Problem details: From the listing below, output the lines between the one with "Vidaxl Hagesofa Set 7 pcs Beige" and the one with "Batman Split Symbol", including those two, and nothing else. Pictures are not copied.

Material to process:
┌────────
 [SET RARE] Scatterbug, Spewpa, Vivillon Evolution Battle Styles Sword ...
└────────
┌────────
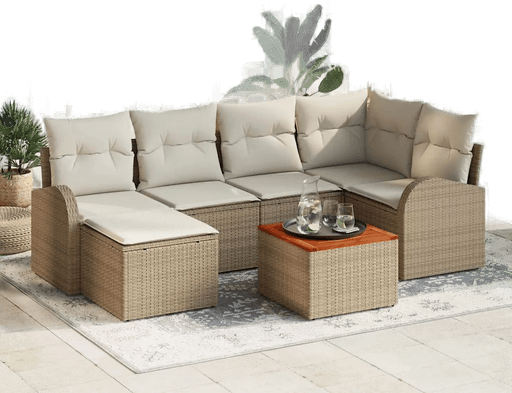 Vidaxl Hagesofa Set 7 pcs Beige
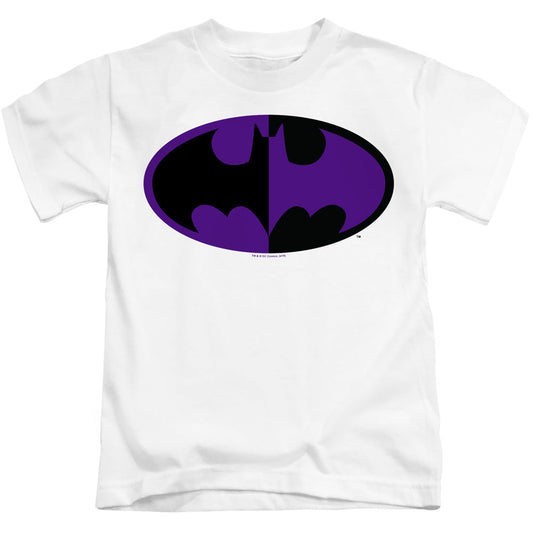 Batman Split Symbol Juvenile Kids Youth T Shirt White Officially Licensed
└────────
Your response:
 Vidaxl Hagesofa Set 7 pcs Beige
 Batman Split Symbol Juvenile Kids Youth T Shirt White Officially Licensed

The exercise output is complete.